Quali sono gli aspetti su cui hai maggiormente puntato quando hai cominciato a lavorare con lei? E quali sono i suoi punti forti?
A 20 anni si ha molta energia, il volume di lavoro è molto alto. Zarina ama il suo lavoro, il suo sport, ed è disposta a tutti i sacrifici necessari! Il problema è che, non essendo particolarmente dotata fisicamente, è necessario mantenere un rapporto tra quantità e qualità dell’allenamento adeguati. In poche parole: si lavora senza fretta! Siamo già in una situazione di classifica eccezionale… quindi lasciamo sempre un buon margine di sicurezza in tutto. In particolare abbiamo lavorato e continueremo sulla “ricerca-posizione-risposta” e ovviamente sul servizio. Credo molto nelle sue doti di aggressività in campo! Vorrei che si potesse raggiungere un ordine e una reattività il più vicini possibili alle top 10. La resistenza è migliorata molto, ma l’esplosività è cresciuta del 16% rispetto a dicembre. Bene, ma non basta. Per puntare in alto Zarina deve diventare un’ atleta di alta prestazione. Senza infortuni ce la faremo in 3 anni, spero: quindi Olimpiade o 2017.

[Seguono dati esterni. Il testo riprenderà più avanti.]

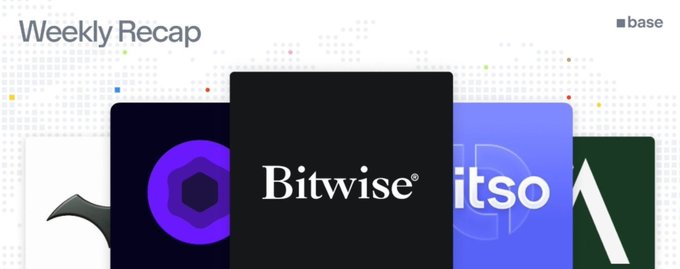 Graphic titled 'Weekly Recap' showing a stack of logo cards, prominently featuring 'Bitwise' in the center, with the 'base' logo in the top right corner.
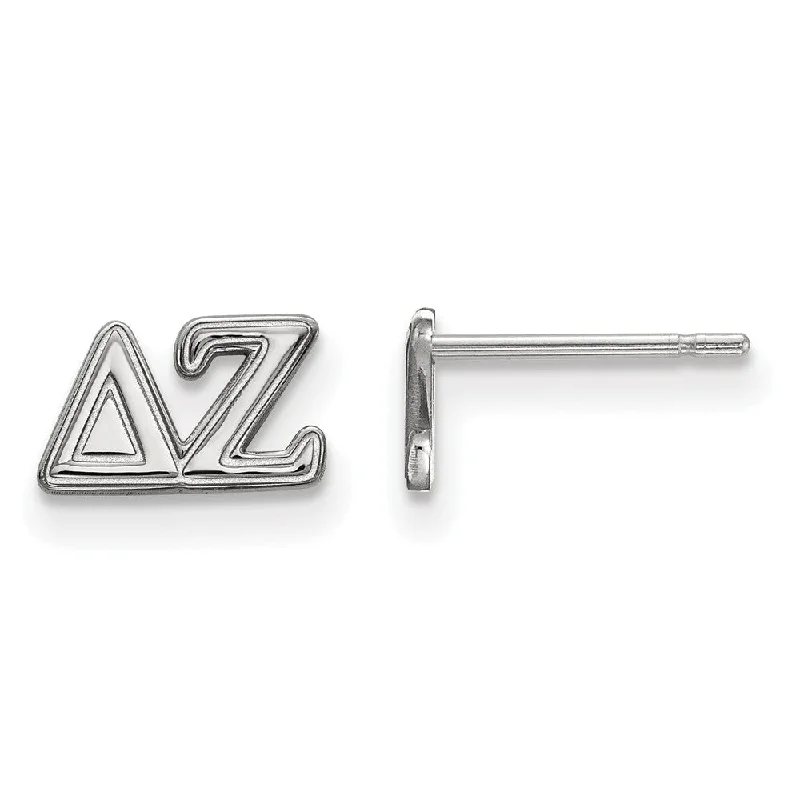 Ladies earrings Valentine’s Day-Sterling Silver Delta Zeta XS Greek Post Earrings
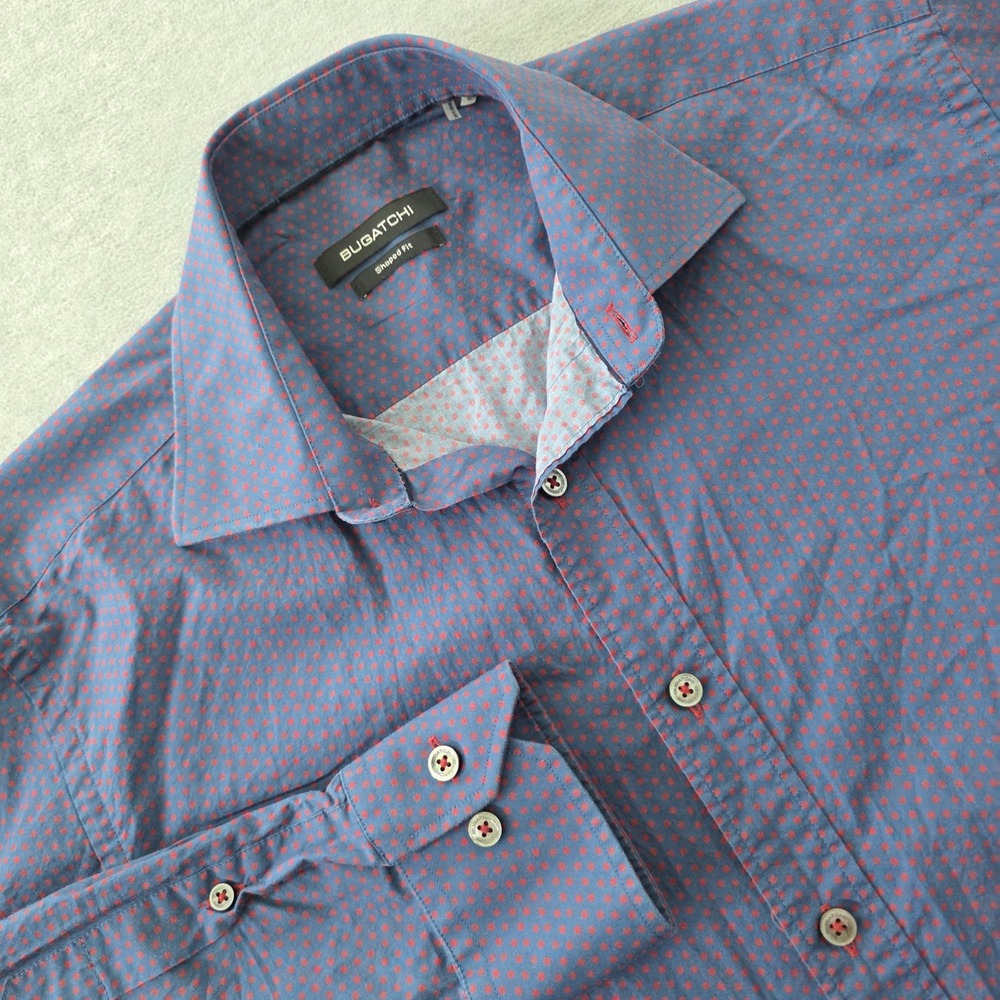 Bugatchi Mens Shaped Fit Long Sleeve Polka Dot Button Down Shirt Blue Red Small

Attualmente Zarina occupa la posizione n.54 del ranking Wta, mentre nella “Road To Singapore” è addirittura già 47esima. Ti aspettavi questa vorticosa salita in così pochi mesi?
Non mi aspettavo un rendimento così continuo da top 50. Spesso ancora ci ridiamo sopra. Ma ci dà forza per lavorare sempre meglio. Tutto il Team è molto motivato, crediamo in Zarina perché se lo merita più come persona che come tennista. Il tennis è tanto cuore, forse è più cuore che testa.

Ci descrivi con tre aggettivi la giovane Diyas, dal momento che è poco conosciuta dalla folta schiera di appassionati di tennis?
Coraggiosa, costante, concentrata.

Dove può arrivare?
Per scherzo a Miami le ho detto che non sarà mai top 10. Per me conta più che sia una persona felice, però sotto sotto…grazie alle nostre immense tenniste italiane ho capito che ce la possiamo fare. Sarò sempre grato a Flavia, Francesca, Sara e Roberta.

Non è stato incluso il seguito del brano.